1. Go to the repository on GitHub.
2. Click **Settings** (top right of the repo).
3. In the left sidebar, click **Branches**.
4. Under **Branch protection rules**, click **Add branch ruleset** (or **Add
rule**), and set the branch name pattern to `dev` (this is the branch all
pull requests target; `main` is fast-forwarded at releases).
5. Enable **Require status checks to pass before merging**.
6. In the search box that appears, add these checks by name:
- `Python syntax (compileall)`
- `JS syntax (node --check)`
- `gitleaks`
- `actionlint`
- `zizmor (Actions SAST)`
- `hadolint (Dockerfile lint)`
- `dependency-review (PR gate)`
The first two come from the correctness CI (`ci.yml`); the rest are this
security suite. Leave pytest, pip-audit, Trivy, and CodeQL unchecked so they
stay advisory.
7. Also enable **Require a pull request before merging** and **Require review
from Code Owners** (this uses the `.github/CODEOWNERS` file so every change
needs your sign-off).
8. Click **Create** / **Save changes**.
Note: a check name only appears in the list after it has run at least once, so
let the workflows run on one pull request first, then add them here.
### 2. Turn on the Security tab features
1. **Settings -> Code security** (or **Code security and analysis**).
2. Turn on **Dependency graph** (usually on by default for public repos) -- this
powers Dependency review and Dependabot.
3. Turn on **Dependabot alerts** and **Dependabot security updates**.

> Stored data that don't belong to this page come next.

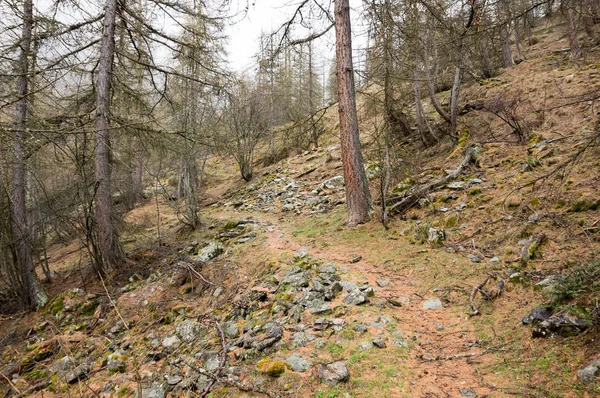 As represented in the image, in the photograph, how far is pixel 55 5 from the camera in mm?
6328

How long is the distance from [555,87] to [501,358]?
32.5 ft

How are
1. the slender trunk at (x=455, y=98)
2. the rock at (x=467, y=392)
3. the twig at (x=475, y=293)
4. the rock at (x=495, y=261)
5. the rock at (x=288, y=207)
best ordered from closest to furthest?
the rock at (x=467, y=392) → the twig at (x=475, y=293) → the rock at (x=495, y=261) → the slender trunk at (x=455, y=98) → the rock at (x=288, y=207)

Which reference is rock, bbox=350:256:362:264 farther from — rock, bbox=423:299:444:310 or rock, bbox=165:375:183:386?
rock, bbox=165:375:183:386

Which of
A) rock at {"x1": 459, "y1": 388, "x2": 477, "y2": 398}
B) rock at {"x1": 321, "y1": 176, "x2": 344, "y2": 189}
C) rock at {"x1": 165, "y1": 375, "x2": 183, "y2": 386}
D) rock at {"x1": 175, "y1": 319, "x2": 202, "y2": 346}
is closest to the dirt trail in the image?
rock at {"x1": 459, "y1": 388, "x2": 477, "y2": 398}

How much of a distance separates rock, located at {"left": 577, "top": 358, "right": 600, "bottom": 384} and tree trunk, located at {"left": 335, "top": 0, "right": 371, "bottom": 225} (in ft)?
15.9

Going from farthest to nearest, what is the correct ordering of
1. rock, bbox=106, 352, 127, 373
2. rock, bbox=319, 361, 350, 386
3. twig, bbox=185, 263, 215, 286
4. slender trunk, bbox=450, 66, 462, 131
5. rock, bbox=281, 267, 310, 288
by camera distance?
slender trunk, bbox=450, 66, 462, 131, twig, bbox=185, 263, 215, 286, rock, bbox=281, 267, 310, 288, rock, bbox=106, 352, 127, 373, rock, bbox=319, 361, 350, 386

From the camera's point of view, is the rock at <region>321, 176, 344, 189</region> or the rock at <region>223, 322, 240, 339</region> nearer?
the rock at <region>223, 322, 240, 339</region>

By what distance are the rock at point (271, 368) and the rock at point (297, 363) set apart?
0.08 metres

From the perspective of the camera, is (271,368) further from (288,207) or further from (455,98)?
(455,98)

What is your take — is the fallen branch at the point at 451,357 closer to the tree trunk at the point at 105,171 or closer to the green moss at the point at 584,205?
the green moss at the point at 584,205

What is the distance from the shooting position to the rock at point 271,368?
2648 mm

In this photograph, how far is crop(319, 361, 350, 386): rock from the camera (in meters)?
2.45

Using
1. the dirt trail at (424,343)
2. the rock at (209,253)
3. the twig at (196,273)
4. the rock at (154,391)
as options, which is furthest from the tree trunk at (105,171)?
the dirt trail at (424,343)

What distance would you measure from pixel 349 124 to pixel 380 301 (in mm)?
4145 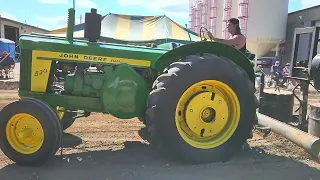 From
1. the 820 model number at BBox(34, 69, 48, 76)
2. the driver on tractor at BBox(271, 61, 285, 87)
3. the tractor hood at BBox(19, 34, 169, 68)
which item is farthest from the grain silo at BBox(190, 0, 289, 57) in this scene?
the 820 model number at BBox(34, 69, 48, 76)

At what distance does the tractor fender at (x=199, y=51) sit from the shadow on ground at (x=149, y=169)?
1269mm

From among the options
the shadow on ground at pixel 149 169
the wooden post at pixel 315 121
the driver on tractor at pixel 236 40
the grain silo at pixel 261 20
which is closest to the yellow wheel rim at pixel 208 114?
the shadow on ground at pixel 149 169

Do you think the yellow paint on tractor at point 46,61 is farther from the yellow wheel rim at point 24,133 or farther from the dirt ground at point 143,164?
the dirt ground at point 143,164

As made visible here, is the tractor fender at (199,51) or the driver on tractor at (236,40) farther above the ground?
the driver on tractor at (236,40)

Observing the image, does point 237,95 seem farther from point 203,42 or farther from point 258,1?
point 258,1

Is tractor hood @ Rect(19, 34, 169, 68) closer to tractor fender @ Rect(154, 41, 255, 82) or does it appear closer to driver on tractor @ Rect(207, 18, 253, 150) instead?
tractor fender @ Rect(154, 41, 255, 82)

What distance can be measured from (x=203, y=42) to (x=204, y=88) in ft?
1.92

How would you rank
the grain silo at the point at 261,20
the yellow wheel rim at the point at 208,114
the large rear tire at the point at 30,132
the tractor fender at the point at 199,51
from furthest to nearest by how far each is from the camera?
the grain silo at the point at 261,20
the tractor fender at the point at 199,51
the yellow wheel rim at the point at 208,114
the large rear tire at the point at 30,132

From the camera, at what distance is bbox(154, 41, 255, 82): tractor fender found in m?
4.75

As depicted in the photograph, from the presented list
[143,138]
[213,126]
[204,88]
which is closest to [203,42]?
[204,88]

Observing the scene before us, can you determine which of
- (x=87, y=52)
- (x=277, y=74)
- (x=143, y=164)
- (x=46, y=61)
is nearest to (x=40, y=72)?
(x=46, y=61)

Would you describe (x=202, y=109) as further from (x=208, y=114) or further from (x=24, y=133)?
(x=24, y=133)

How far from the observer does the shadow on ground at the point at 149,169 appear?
13.9 feet

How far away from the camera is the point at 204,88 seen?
4.75m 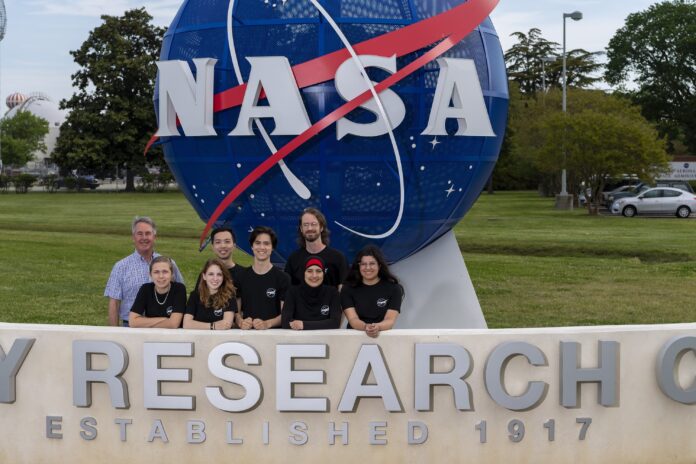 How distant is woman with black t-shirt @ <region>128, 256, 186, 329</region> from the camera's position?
7160 millimetres

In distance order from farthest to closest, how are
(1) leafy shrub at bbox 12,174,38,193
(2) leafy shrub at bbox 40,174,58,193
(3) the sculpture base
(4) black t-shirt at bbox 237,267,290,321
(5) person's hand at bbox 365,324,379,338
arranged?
1. (2) leafy shrub at bbox 40,174,58,193
2. (1) leafy shrub at bbox 12,174,38,193
3. (3) the sculpture base
4. (4) black t-shirt at bbox 237,267,290,321
5. (5) person's hand at bbox 365,324,379,338

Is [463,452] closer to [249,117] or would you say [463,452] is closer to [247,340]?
[247,340]

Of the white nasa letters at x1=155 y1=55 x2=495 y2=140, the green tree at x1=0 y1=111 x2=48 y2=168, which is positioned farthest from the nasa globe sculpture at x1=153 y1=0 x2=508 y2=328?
the green tree at x1=0 y1=111 x2=48 y2=168

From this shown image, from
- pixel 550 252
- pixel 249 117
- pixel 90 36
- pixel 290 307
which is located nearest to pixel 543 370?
pixel 290 307

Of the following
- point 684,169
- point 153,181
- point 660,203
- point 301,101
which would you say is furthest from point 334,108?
point 153,181

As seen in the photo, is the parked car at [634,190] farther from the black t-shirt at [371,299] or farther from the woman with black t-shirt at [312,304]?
the woman with black t-shirt at [312,304]

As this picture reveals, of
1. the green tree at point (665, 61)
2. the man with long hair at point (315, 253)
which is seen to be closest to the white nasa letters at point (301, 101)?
the man with long hair at point (315, 253)

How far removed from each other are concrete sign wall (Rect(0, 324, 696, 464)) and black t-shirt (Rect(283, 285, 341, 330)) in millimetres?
225

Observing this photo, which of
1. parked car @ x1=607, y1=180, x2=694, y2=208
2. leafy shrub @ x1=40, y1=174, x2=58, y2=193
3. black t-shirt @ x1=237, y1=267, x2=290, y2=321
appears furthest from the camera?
leafy shrub @ x1=40, y1=174, x2=58, y2=193

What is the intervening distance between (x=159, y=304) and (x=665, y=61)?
63644mm

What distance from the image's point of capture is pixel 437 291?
955cm

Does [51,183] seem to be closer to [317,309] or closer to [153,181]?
[153,181]

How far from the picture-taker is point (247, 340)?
6891 millimetres

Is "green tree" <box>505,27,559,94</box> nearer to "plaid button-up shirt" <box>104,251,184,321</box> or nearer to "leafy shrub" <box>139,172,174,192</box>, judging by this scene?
"leafy shrub" <box>139,172,174,192</box> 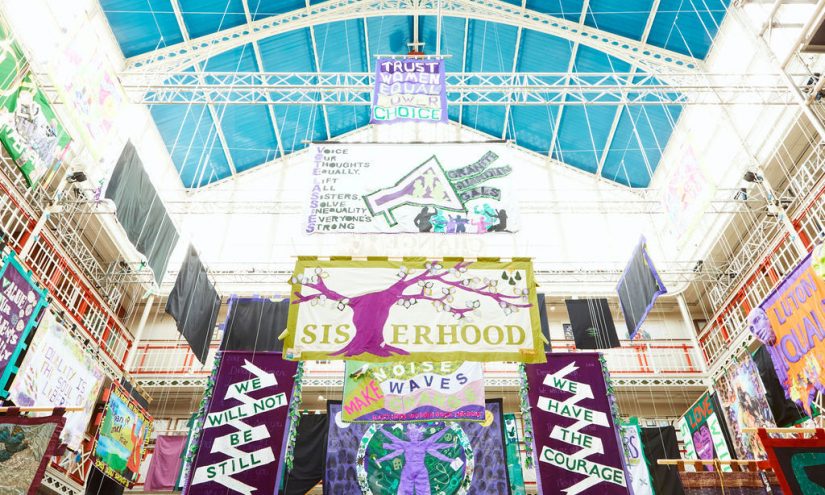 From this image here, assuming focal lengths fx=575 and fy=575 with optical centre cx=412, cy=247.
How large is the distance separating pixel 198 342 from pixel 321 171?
4919 mm

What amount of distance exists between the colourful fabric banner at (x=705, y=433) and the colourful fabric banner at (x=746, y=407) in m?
0.30

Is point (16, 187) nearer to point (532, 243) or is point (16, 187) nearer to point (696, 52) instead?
point (532, 243)

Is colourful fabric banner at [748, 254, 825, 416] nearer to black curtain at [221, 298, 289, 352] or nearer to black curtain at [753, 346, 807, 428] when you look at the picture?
black curtain at [753, 346, 807, 428]

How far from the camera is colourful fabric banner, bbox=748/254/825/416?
743 centimetres

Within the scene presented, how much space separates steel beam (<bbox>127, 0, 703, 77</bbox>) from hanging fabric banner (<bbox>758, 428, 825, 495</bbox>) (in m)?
10.4

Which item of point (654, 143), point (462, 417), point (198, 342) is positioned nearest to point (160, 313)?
point (198, 342)

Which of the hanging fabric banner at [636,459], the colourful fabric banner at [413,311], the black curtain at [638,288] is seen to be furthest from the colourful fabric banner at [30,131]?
the hanging fabric banner at [636,459]

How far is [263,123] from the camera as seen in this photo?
17.2 m

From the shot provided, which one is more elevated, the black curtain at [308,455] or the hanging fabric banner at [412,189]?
the hanging fabric banner at [412,189]

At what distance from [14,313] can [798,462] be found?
398 inches

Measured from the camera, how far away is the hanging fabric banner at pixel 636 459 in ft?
34.3

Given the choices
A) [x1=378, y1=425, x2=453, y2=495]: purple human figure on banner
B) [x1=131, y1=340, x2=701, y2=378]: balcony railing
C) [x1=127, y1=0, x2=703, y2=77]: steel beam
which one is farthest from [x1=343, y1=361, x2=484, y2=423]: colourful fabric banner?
[x1=127, y1=0, x2=703, y2=77]: steel beam

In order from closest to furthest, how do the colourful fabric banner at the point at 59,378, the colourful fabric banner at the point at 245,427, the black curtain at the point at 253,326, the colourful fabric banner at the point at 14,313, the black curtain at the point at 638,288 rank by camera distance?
the colourful fabric banner at the point at 245,427 → the colourful fabric banner at the point at 14,313 → the colourful fabric banner at the point at 59,378 → the black curtain at the point at 638,288 → the black curtain at the point at 253,326

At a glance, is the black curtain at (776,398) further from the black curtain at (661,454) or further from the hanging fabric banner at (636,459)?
the hanging fabric banner at (636,459) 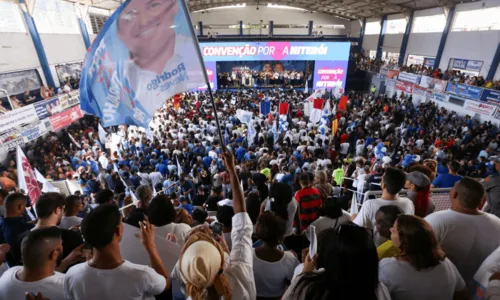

4. Under **Code scanning**, use **Set up -> Default** for CodeQL. GitHub then
runs CodeQL as a dynamic workflow without the fork-token limitations that
affect checked-in advanced workflows.
Do not also add a checked-in CodeQL workflow while default setup is enabled:
GitHub rejects advanced CodeQL uploads when default setup is active. If the
project later needs an advanced CodeQL workflow, disable default setup first
and keep only one CodeQL publishing path active.
## Keeping it current
`.github/dependabot.yml` opens small weekly pull requests to update Python and
npm packages, the Docker base image, and the pinned automation actions
themselves. Review and merge those like any other pull request; they keep the
project patched without manual tracking.